Мне трудно говорить о моих отношениях со студентами, по крайней мере, со студентами первого цикла (первый и второй годы обучения). Они приходили ко мне редко, обращались за советом к ассистентам. Первоначально их число было таково, что еще оставалась возможность поручать им делать сообщения, то есть подвергать их испытанию публичным выступлением перед товарищами и профессором. От такой практики мне пришлось вскоре отказаться. Студенты совсем не слушали своего товарища и надеялись на разбор его выступления профессором. Я старался не унижать студента, даже если он плохо справлялся с задачей. Мне представлялось недостойным вызывать смех студентов над одним из них. Не уверен, что всегда удавалось избежать этой ошибки, которая мне отвратительна, во всяком случае, могу сказать, что никогда не совершал ее намеренно.

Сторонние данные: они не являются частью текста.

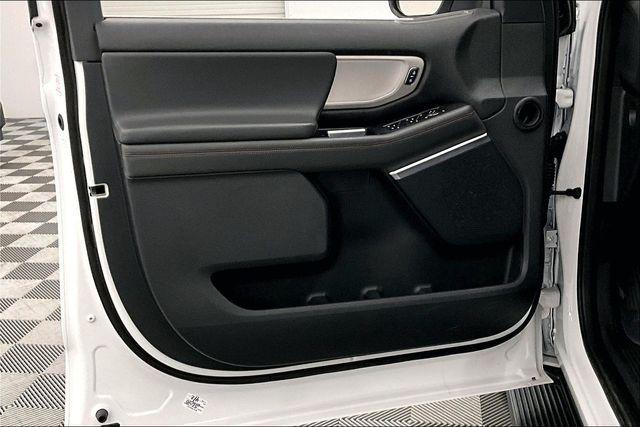 2025 Ford Expedition Active MAX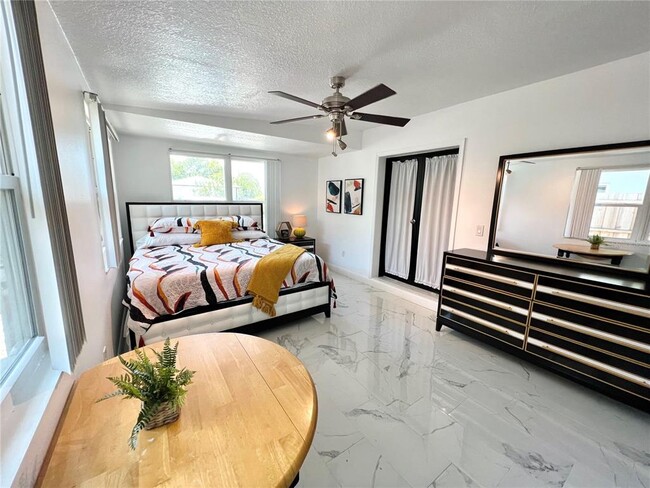 Building Photo - 2173 Riviera Dr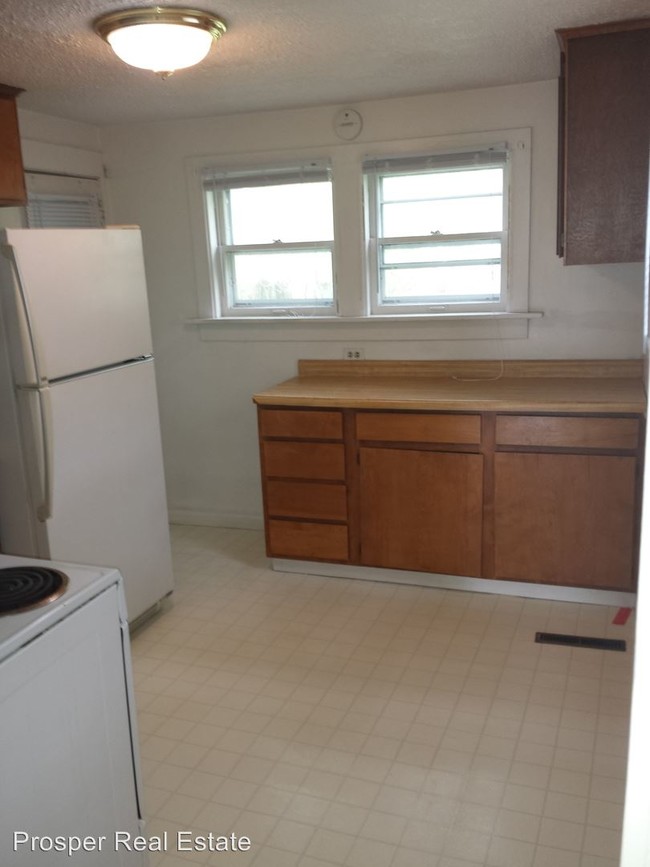 Building Photo - 1 br, 1 bath Apartment - 828 Chippewa Street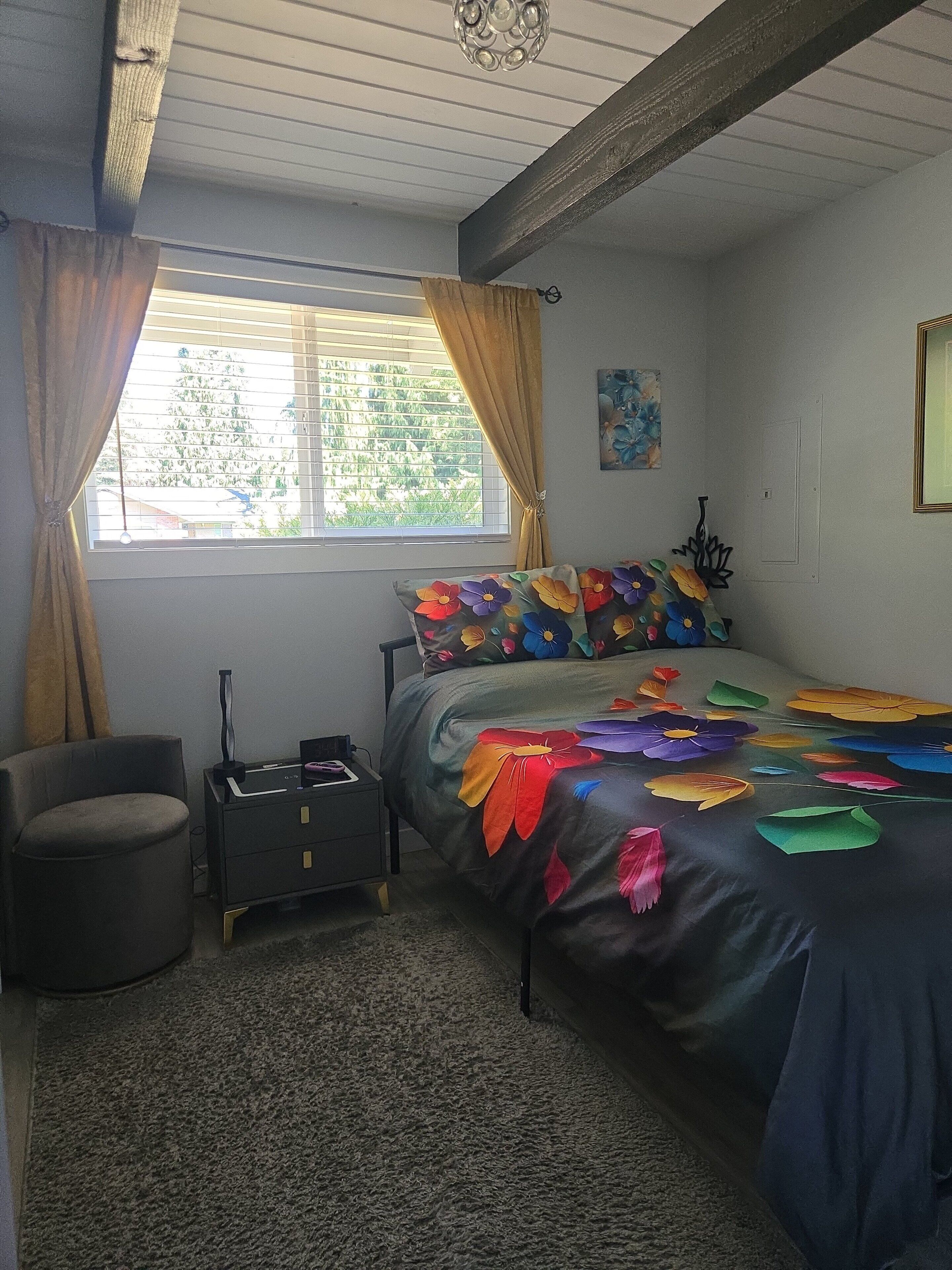 2 bedrooms, WiFi (free), bed sheets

Не помню, при каких обстоятельствах Пьер Аснер, посещавший иногда мои лекции, сделал блестящее, ошеломительное сообщение об [афинском историке] Фукидиде. Я осыпал его похвалами, соразмерными с достоинствами экспозе. Я сказал его автору, что никогда еще, в бытность свою студентом или преподавателем, не слышал столь превосходного доклада (Пьер в то время уже получил степень агреже[163]). После заседания ко мне подошел один из студентов и сказал: «Я стал бы вас презирать, если бы вы не признали, что услышанное нами сегодня было необыкновенным». На следующей неделе и я порассуждал о Фукидиде, стараясь не слишком отстать от Пьера.
163
Жан-Клод Казанова напомнил мне мои слова: «Такого блестящего сообщения я не слышал с того времени, когда Ж.-П. Сартр выступал перед Леоном Брюнсвиком». Думаю, Казанова точно передал мои слова. В действительности, сообщение Сартра предвещало будущее, но не было блестящим; я хотел подчеркнуть похвалу, выразить свой энтузиазм.